RECORD EXCERPTS Start Marker

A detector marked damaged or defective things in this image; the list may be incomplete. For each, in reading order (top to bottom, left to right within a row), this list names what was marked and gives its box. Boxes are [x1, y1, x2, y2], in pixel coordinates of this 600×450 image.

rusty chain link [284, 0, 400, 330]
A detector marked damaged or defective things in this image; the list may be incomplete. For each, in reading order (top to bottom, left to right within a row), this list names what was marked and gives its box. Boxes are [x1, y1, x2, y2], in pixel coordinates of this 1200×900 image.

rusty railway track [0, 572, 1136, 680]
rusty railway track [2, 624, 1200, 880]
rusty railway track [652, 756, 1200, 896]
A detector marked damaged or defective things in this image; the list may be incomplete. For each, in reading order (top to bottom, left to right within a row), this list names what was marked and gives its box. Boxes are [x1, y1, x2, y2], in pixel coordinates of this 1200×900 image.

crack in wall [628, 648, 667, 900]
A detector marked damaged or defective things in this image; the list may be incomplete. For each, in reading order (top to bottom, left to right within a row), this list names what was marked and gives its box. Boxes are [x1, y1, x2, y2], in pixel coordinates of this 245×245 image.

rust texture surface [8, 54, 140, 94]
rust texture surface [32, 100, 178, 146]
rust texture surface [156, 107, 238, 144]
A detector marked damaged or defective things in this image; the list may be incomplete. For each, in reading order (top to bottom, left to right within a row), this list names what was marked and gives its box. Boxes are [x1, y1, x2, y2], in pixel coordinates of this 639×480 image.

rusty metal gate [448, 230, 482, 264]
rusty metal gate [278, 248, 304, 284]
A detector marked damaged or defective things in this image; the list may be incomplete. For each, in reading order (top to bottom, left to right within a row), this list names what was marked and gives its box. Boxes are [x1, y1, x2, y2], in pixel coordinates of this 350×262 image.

RECORD EXCERPTS End Marker

Up to and including the final line of the data above, please copy every line exactly, starting from the one that contains "this 245×245 image.".

ANSWER TO THE PROBLEM:
A detector marked damaged or defective things in this image; the list may be incomplete. For each, in reading order (top to bottom, left to right within a row), this list names what was marked and gives its box. Boxes are [x1, y1, x2, y2], in pixel coordinates of this 245×245 image.

rust texture surface [8, 54, 140, 94]
rust texture surface [32, 100, 178, 146]
rust texture surface [156, 107, 238, 144]
A detector marked damaged or defective things in this image; the list may be incomplete. For each, in reading order (top to bottom, left to right within a row), this list names what was marked and gives its box. Boxes are [x1, y1, x2, y2], in pixel coordinates of this 639×480 image.

rusty metal gate [448, 230, 482, 264]
rusty metal gate [278, 248, 304, 284]
A detector marked damaged or defective things in this image; the list may be incomplete. For each, in reading order (top to bottom, left to right within a row), this list names what was marked and gives its box. Boxes are [x1, y1, x2, y2], in pixel coordinates of this 350×262 image.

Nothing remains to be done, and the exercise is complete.